Image-text web data
********************

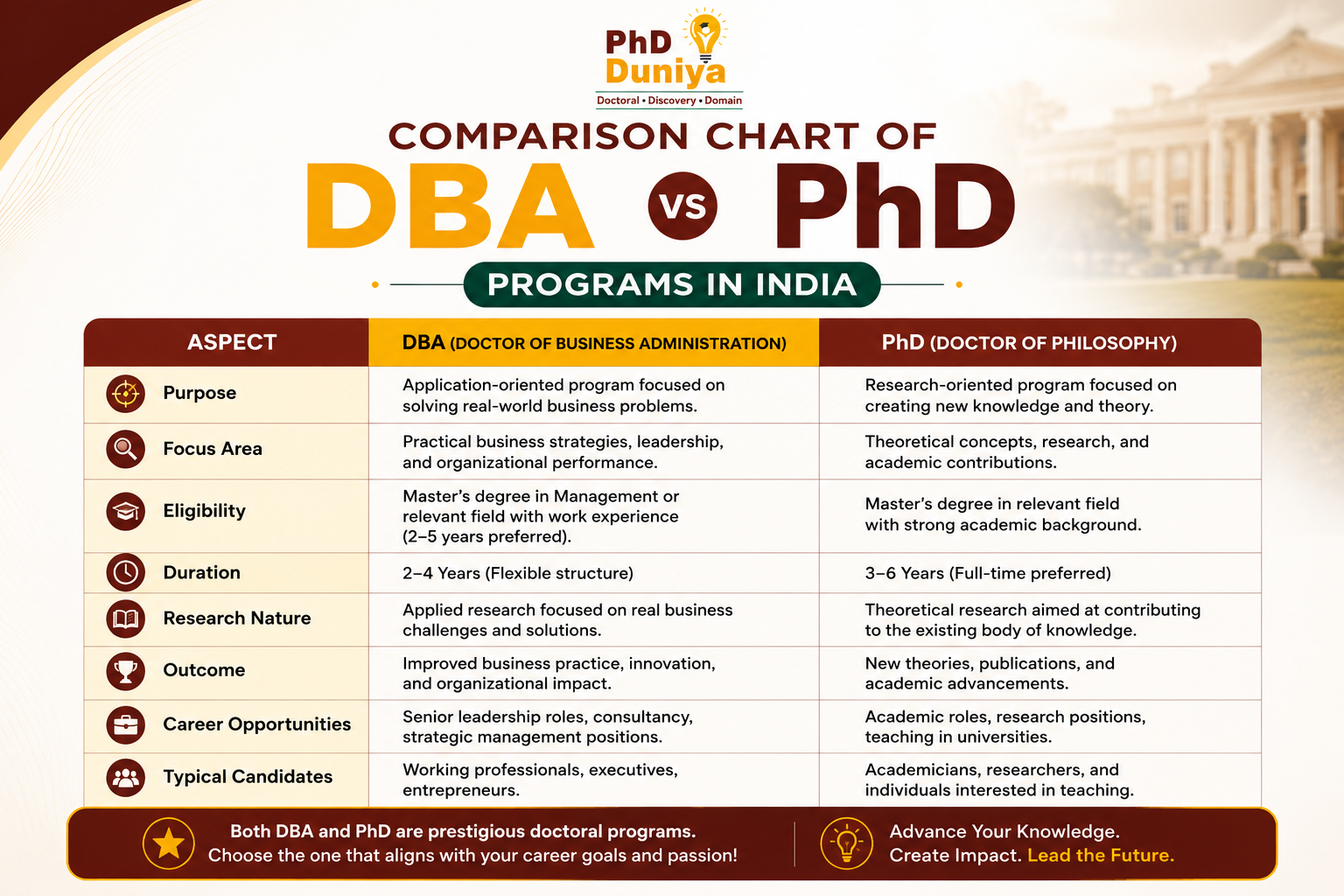 DBA vs PhD programs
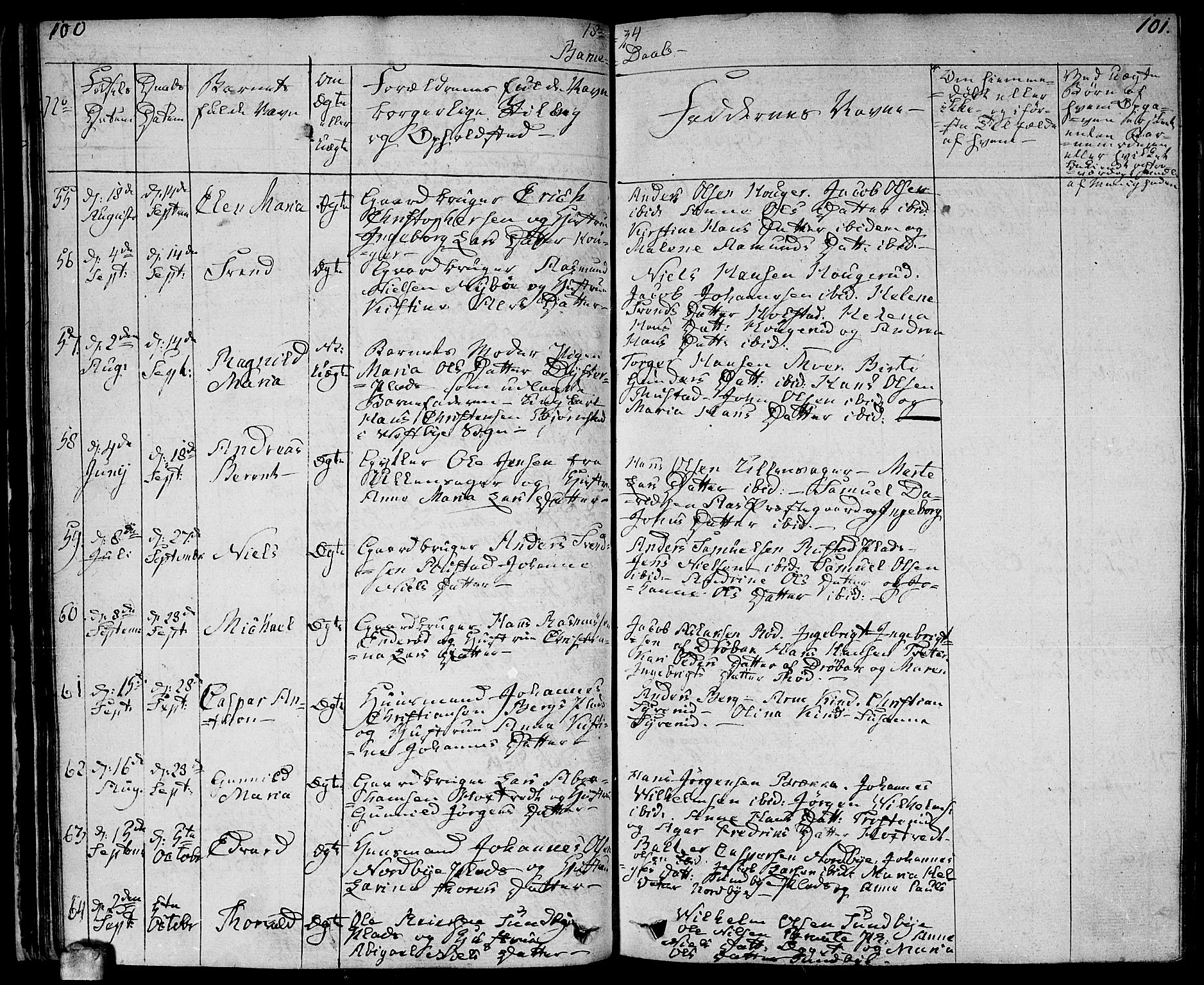 Ås prestekontor Kirkebøker, AV/SAO-A-10894/F/Fa/L0005: Parish register (official) no. I 5, 1827-1840, p. 100-101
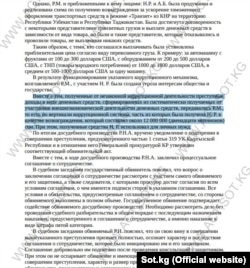 Выдержка из решения Первомайского районного суда Бишкека от 27 января 2021 года.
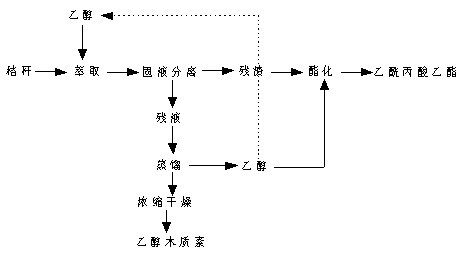 Method for preparing ethyl levulinate by using straw-type biomass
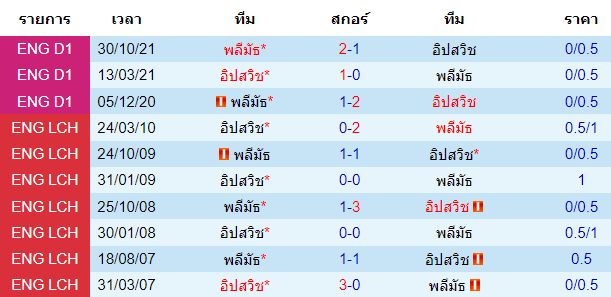 บทวิเคราะห์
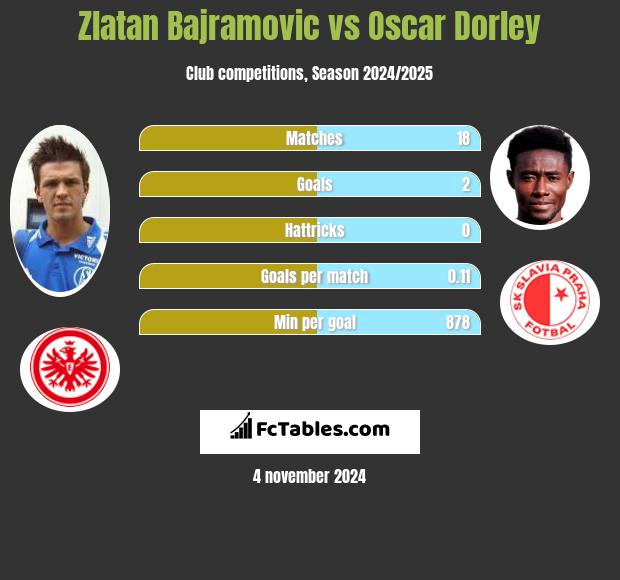 Zlatan Bajramovic vs Oscar Dorley h2h player stats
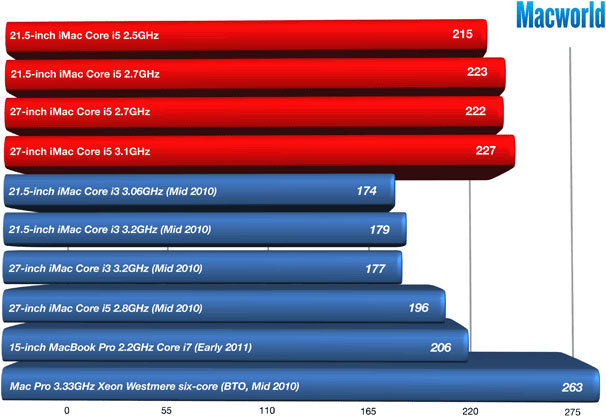 Những điều cần biết về thế hệ iMac mới của Apple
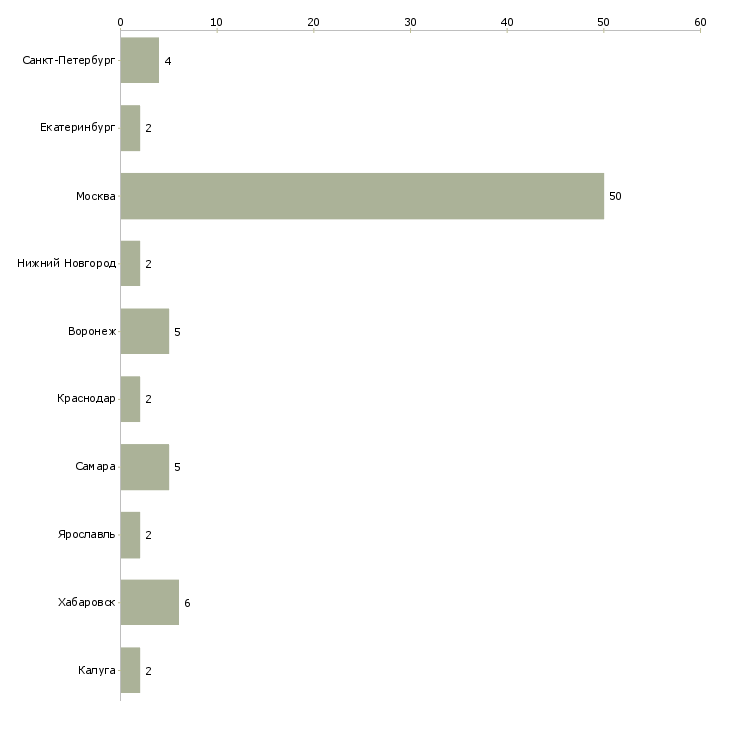 Найти работу руководитель департамента технической поддержки-Число вакансий «руководитель департамента технической поддержки» на сайте в городах Росcии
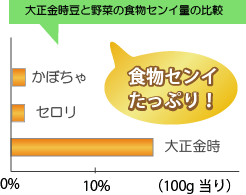 金時豆は食物繊維がたっぷり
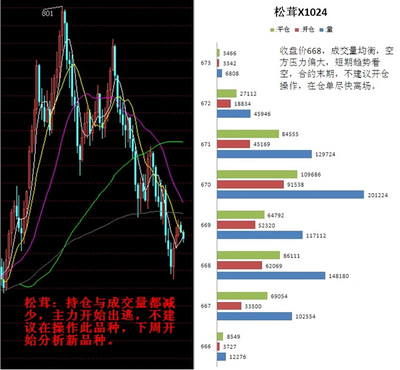 渤海華創(天津)商品貿易經紀10月27日晚盤行情評述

********************

◆ Problem description ◆
Your answer should hold every record above, printed exactly and free of pictures.

◆ Finished exercise ◆
 DBA vs PhD programs
 Ås prestekontor Kirkebøker, AV/SAO-A-10894/F/Fa/L0005: Parish register (official) no. I 5, 1827-1840, p. 100-101
 Выдержка из решения Первомайского районного суда Бишкека от 27 января 2021 года.
 Method for preparing ethyl levulinate by using straw-type biomass
 บทวิเคราะห์
 Zlatan Bajramovic vs Oscar Dorley h2h player stats
 Những điều cần biết về thế hệ iMac mới của Apple
 Найти работу руководитель департамента технической поддержки-Число вакансий «руководитель департамента технической поддержки» на сайте в городах Росcии
 金時豆は食物繊維がたっぷり
 渤海華創(天津)商品貿易經紀10月27日晚盤行情評述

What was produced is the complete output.